We set-up the tabletop and sorted our forces, rolled for the reserve brigade’s arrival and noted it down, rolled command points  and did the pre-battle prep, so were ready to go. At around 11.30 am, General Rielle’s Corps (the vanguard of it, 1st and 2nd Leger)) were advancing through the woods south of the chateau.

This is popular subject for Napoleonic wargamers (naturally, it’s a very famous action), and I thought it work well (as an idea). SoN recreates a part a larger battle and this what this is, the first assault (there were several) for an hour or two over just part of the wider Waterloo battlefield. It is what the game already recreates.  Second, I didn’t want the entire chateau complex on the tabletop, it’s huge and breaks the ground scale by its size, with many buildings (which few gamers have). Instead I went for the middle of the action, focused on the attack on the formal garden with its tall walls. Could the French overcome this obstacle? (on the day they couldn’t). 

Rough map of the tabletop battlefield.
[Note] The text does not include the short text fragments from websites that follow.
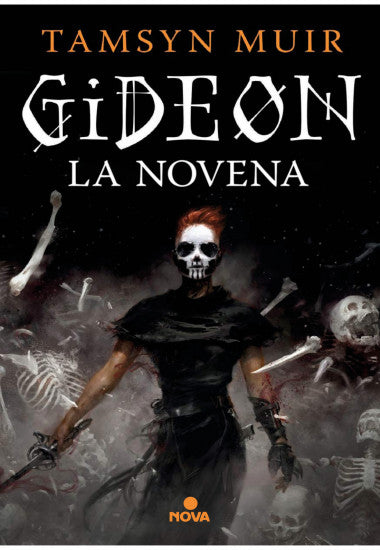 Gideon la Novena. Trilogía de la Tumba Sellada 1: de Tamsyn Muir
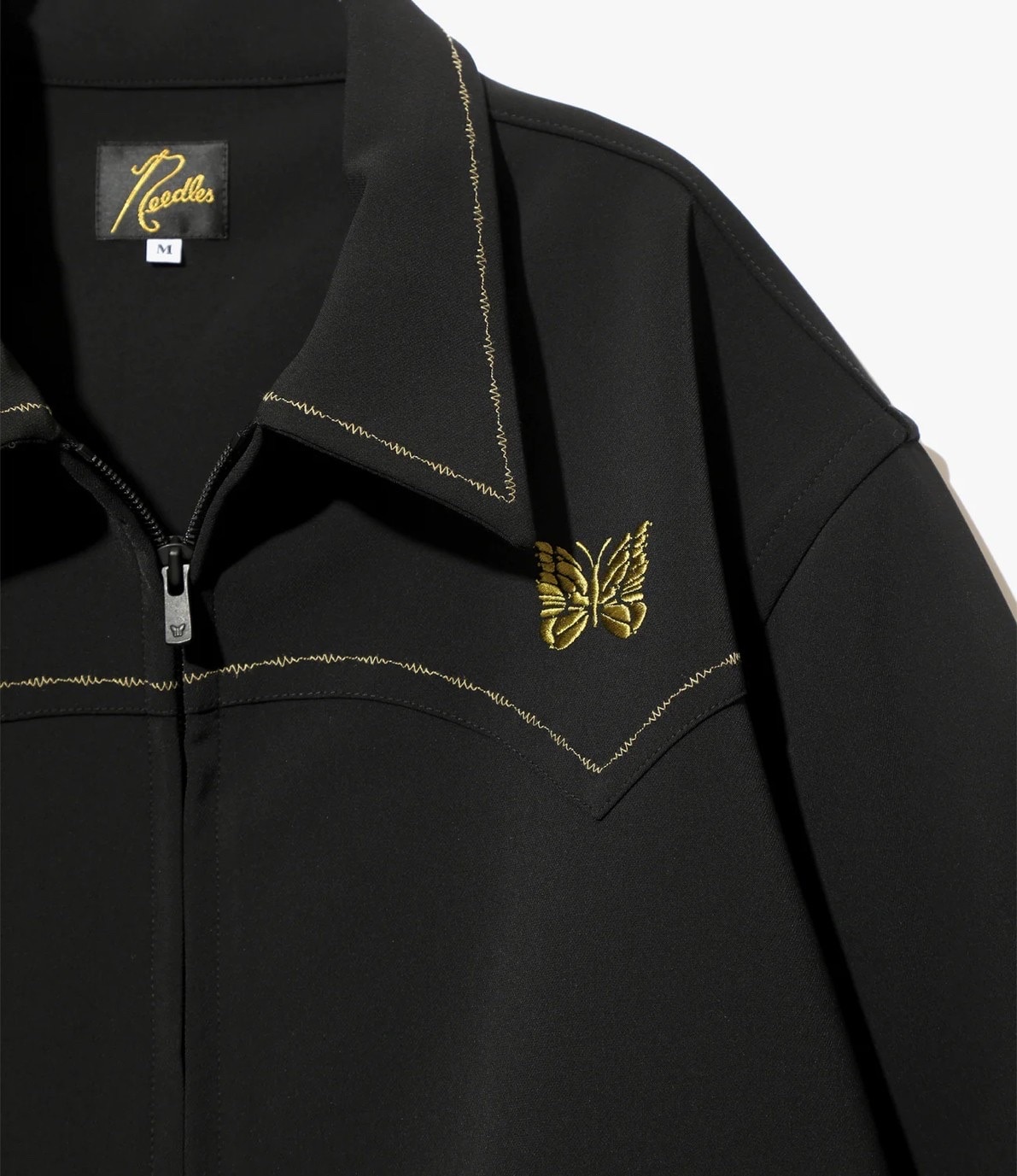 Needles Western Sport Jacket(S BLACK)｜ ビーバー｜名古屋PARCO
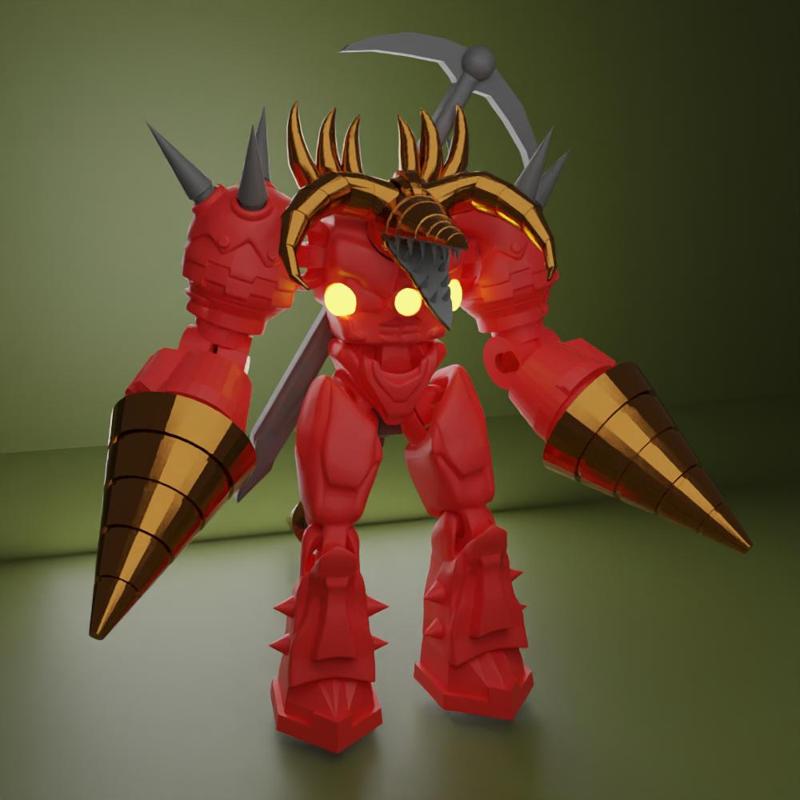 SKIBIDI TOILET - MEGA TITAN SPEAKERMAN MULTIVERSE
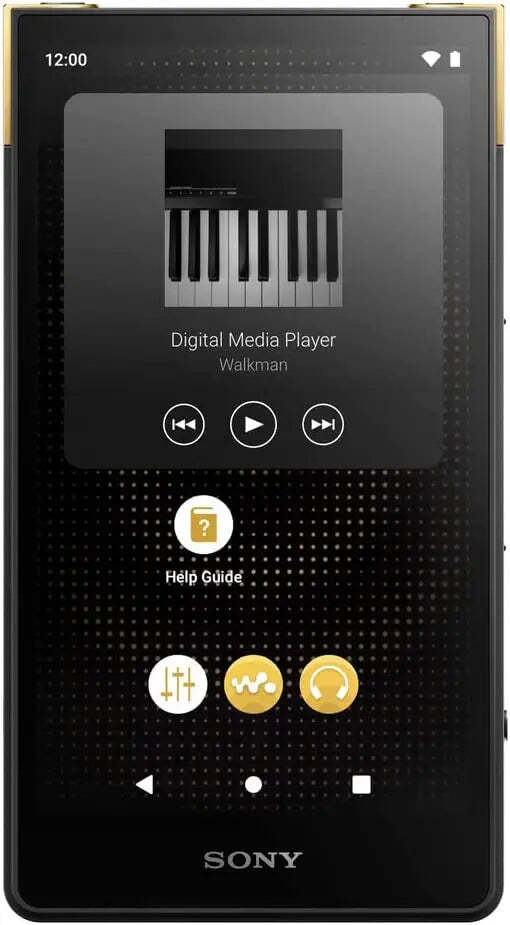 Used Sony NW-ZX707 for Sale | HifiShark.com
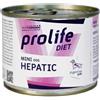 Prolife dog diet wet adult hepatic mini 200 g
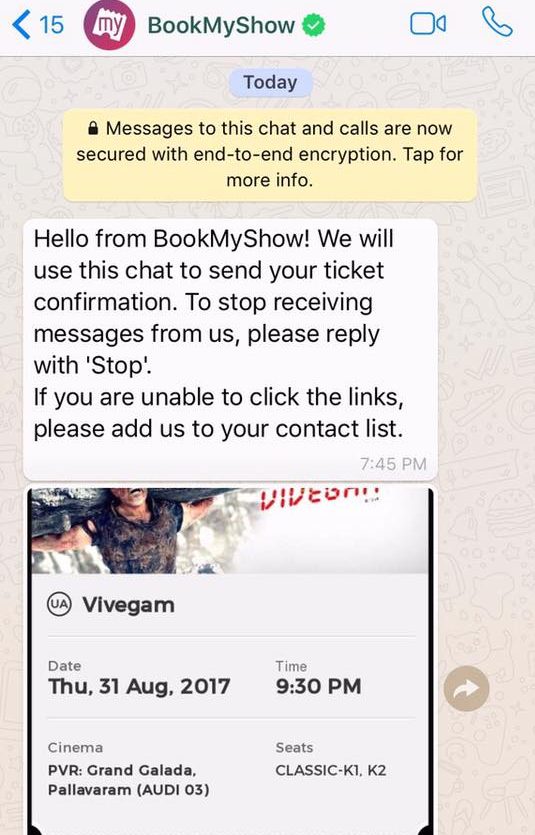 bookmyshow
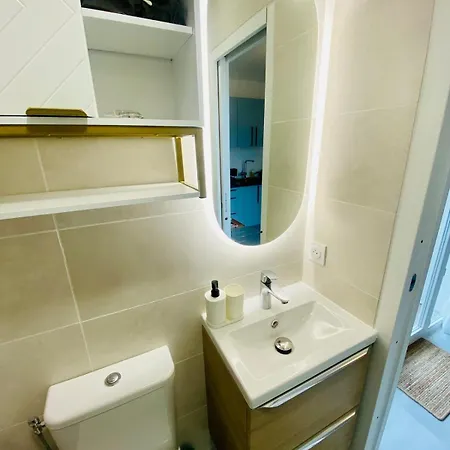 De 30m2 Agreable Et Chaleureux Διαμέρισμα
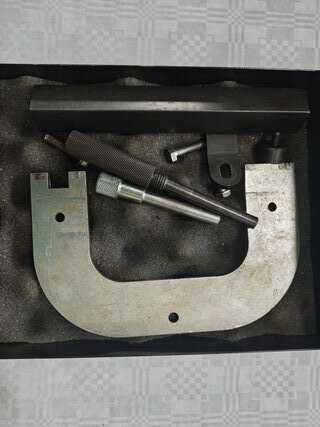Borgset nokkenas Renault, Midlock, 2250-REN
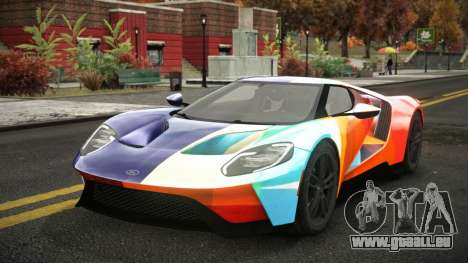 Ford GT Jutiny S4 für GTA 4
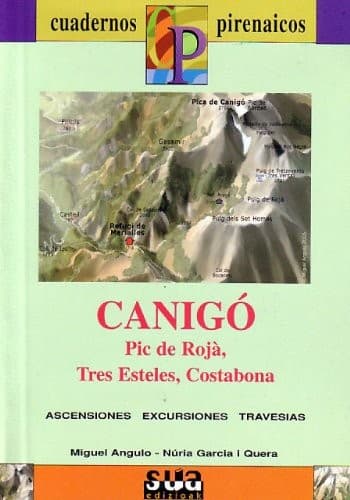 Cover image for Canigó
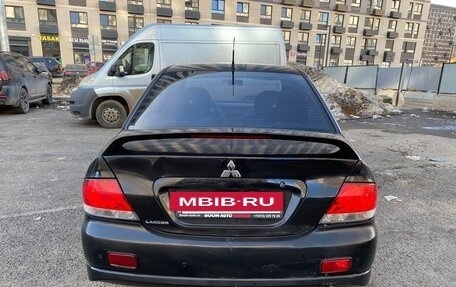 Mitsubishi Lancer IX, 2006 год, 375 000 рублей, 38 фотография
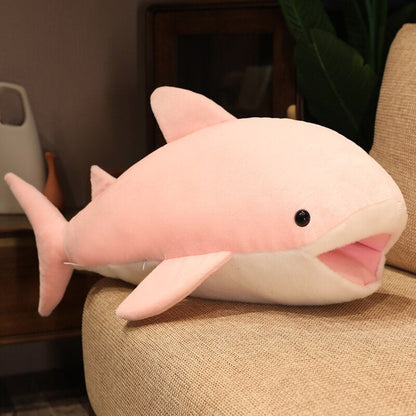 Bestofkawaii Blubba the Happy Shark Plushie 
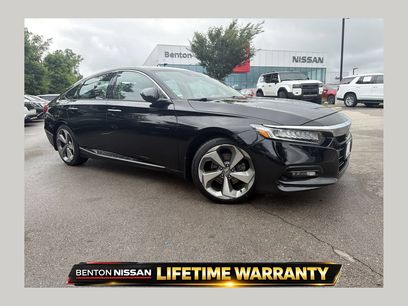 Used 2018 Honda Accord Touring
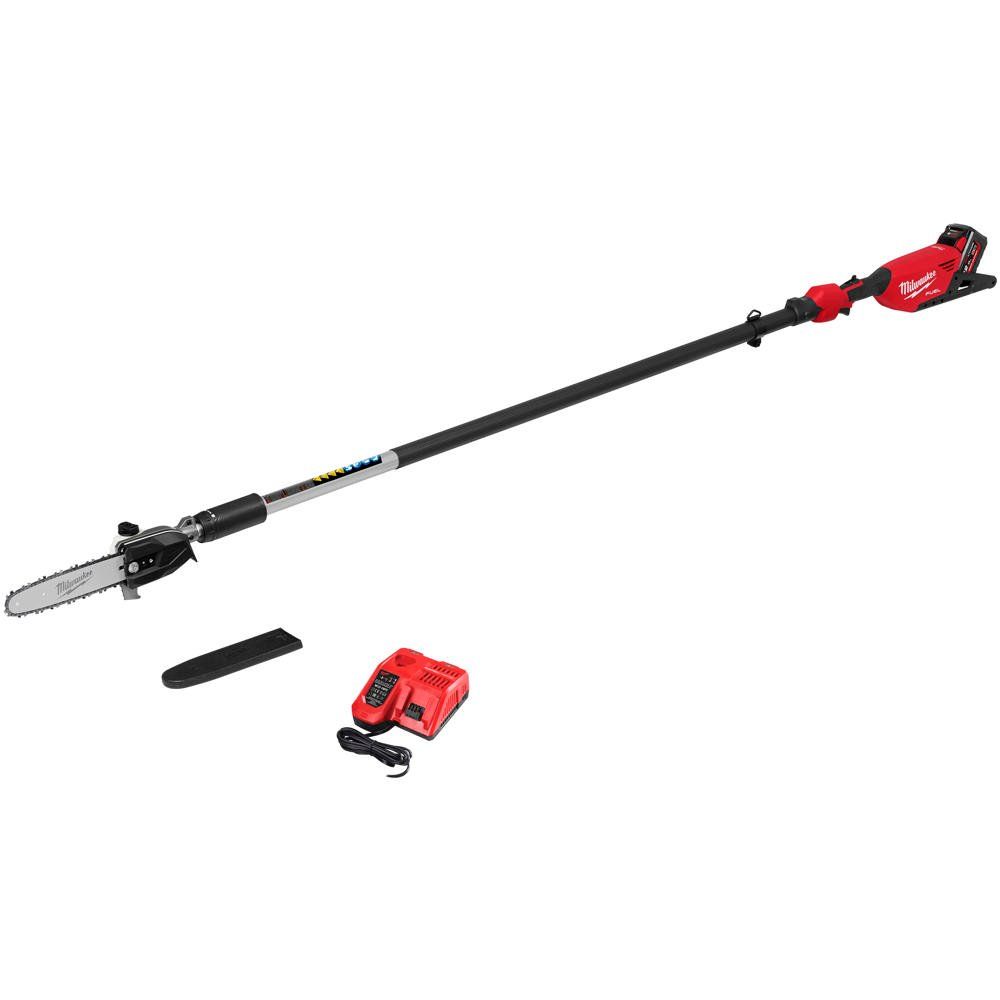 Milwaukee M18 FTPS30 Fuel 18v Cordless Telescopic Pole Saw 300mm - Image 1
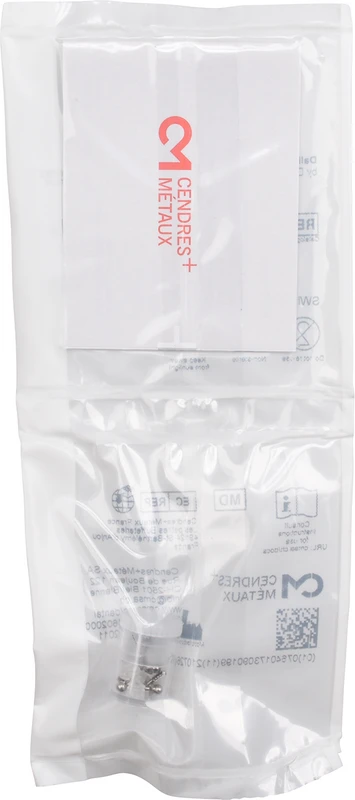 Dalbo®-Rotex® Packung 5 Dalbo-Rotex GT nach Dr. Dalla Bona, 9,35 mm Größe 1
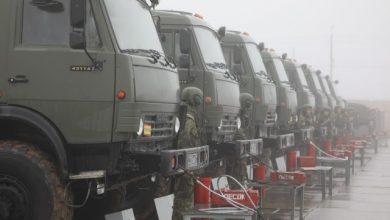 Photo of grafic | Armatele Rusiei și Ucrainei, comparate cu David și Goliat: „Voința de luptă a ucrainenilor – cea mai puternică armă”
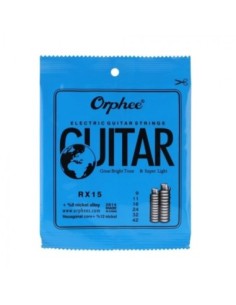 ORPHEE RX15 Elektro Gitar Teli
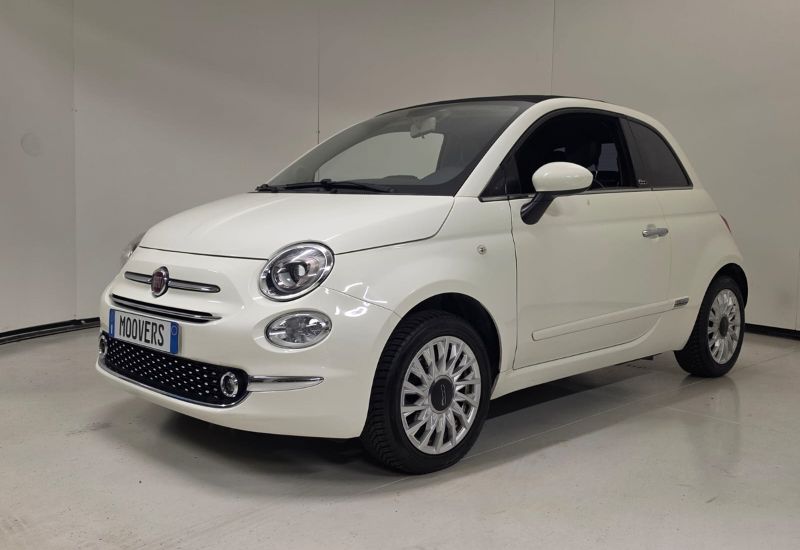 FIAT 500 C 1.2 Lounge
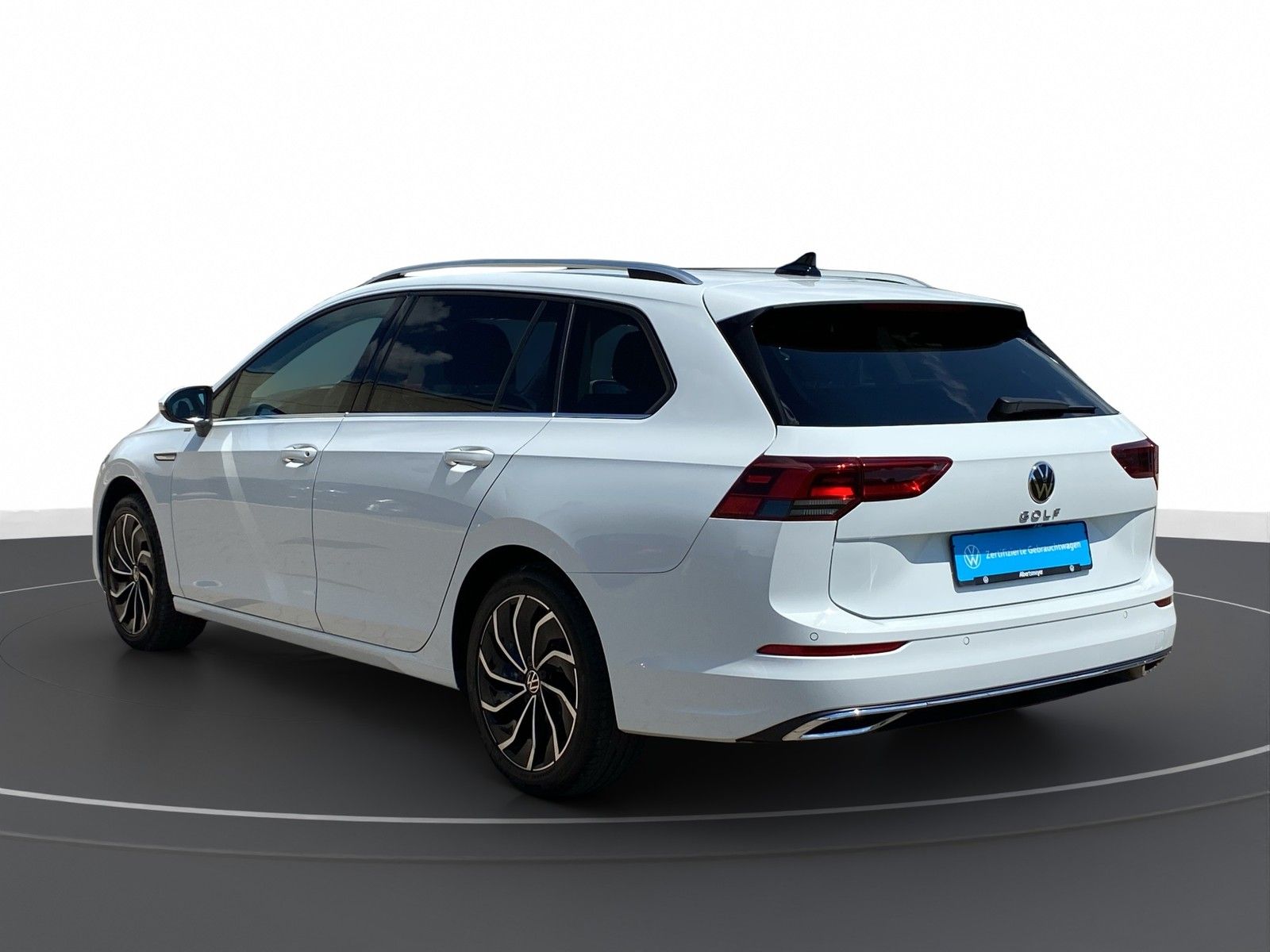 Volkswagen Golf VIII Variant 1.5 TSI Style KAMERA AHK LED foto 2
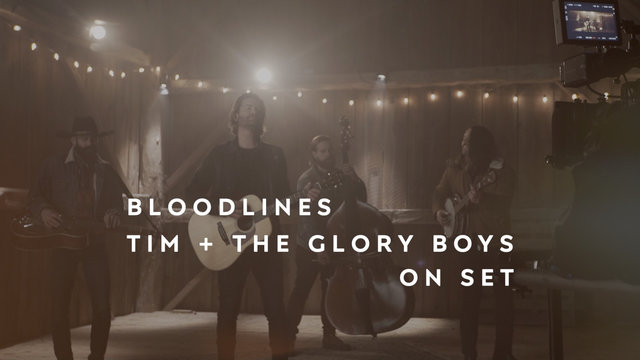 Bloodlines (On Set)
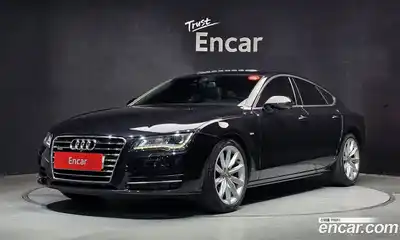 Audi A7 2015 3.0 Автомат в Москве № 163748, миниатюра 8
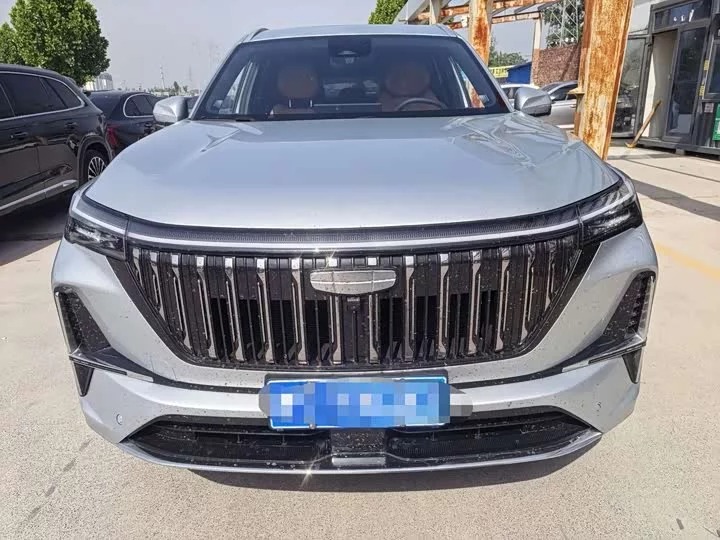 Geely Boyue L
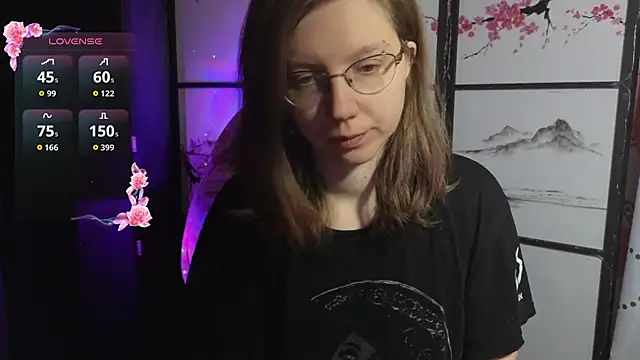 scarlettsrose online show from February 16, 12:45 pm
Gardener's house, walled garden, great orchard, the woods and hedged paddocks.



Turn 1, and the allies started with the initiative, German skirmishers in the woods and firing at the French columns for the first few points of Disruption. The French advanced en-masse, through the difficult terrain of the woods (slowing them down), getting their own Voltiguers forward to engage those skirmishers and shoot back at the Germans. Behind the screening light infantry, the Guards and Nassua troops held the gardener’s house and deployed along the formal gardens walls (it was well loopholed and had ad hoc fire platforms of barrels and doors/planks behind it). The French advance was slowed, fighting the underbrush or, for the flanks, the big hedges of the farm’s paddocks. The French held the ‘grand assault’ battlefield objective and I felt confident I could complete it (for once). The allies held the ‘Hold the Line’ objective, which we decided only counted for the formal garden and house, they had to keep the French out of their strongpoint to claim it.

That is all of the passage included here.